(Dataset)
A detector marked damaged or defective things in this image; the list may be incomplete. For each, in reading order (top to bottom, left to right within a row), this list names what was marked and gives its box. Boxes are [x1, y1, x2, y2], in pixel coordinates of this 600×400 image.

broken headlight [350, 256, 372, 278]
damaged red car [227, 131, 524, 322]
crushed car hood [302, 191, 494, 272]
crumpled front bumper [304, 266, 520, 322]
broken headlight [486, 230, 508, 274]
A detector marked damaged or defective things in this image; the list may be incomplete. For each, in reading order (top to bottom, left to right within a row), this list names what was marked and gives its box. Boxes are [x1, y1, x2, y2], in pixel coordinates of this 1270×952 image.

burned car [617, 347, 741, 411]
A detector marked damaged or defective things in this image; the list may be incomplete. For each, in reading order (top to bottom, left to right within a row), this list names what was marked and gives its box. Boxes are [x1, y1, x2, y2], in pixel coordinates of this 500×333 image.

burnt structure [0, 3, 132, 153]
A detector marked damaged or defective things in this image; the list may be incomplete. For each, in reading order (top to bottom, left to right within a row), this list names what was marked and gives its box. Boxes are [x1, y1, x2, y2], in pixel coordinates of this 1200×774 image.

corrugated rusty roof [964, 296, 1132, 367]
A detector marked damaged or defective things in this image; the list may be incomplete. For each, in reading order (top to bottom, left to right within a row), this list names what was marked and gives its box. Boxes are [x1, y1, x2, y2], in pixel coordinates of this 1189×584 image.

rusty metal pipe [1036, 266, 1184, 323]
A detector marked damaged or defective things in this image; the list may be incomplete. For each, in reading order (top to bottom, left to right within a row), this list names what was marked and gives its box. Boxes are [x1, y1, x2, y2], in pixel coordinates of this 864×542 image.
(End Dataset)
→ Required action
Beginning with the line that contains "this 1200×774 image.", set down every line through the end of the data without change.

→ Result of the exercise
A detector marked damaged or defective things in this image; the list may be incomplete. For each, in reading order (top to bottom, left to right within a row), this list names what was marked and gives its box. Boxes are [x1, y1, x2, y2], in pixel coordinates of this 1200×774 image.

corrugated rusty roof [964, 296, 1132, 367]
A detector marked damaged or defective things in this image; the list may be incomplete. For each, in reading order (top to bottom, left to right within a row), this list names what was marked and gives its box. Boxes are [x1, y1, x2, y2], in pixel coordinates of this 1189×584 image.

rusty metal pipe [1036, 266, 1184, 323]
A detector marked damaged or defective things in this image; the list may be incomplete. For each, in reading order (top to bottom, left to right within a row), this list names what was marked and gives its box. Boxes are [x1, y1, x2, y2], in pixel coordinates of this 864×542 image.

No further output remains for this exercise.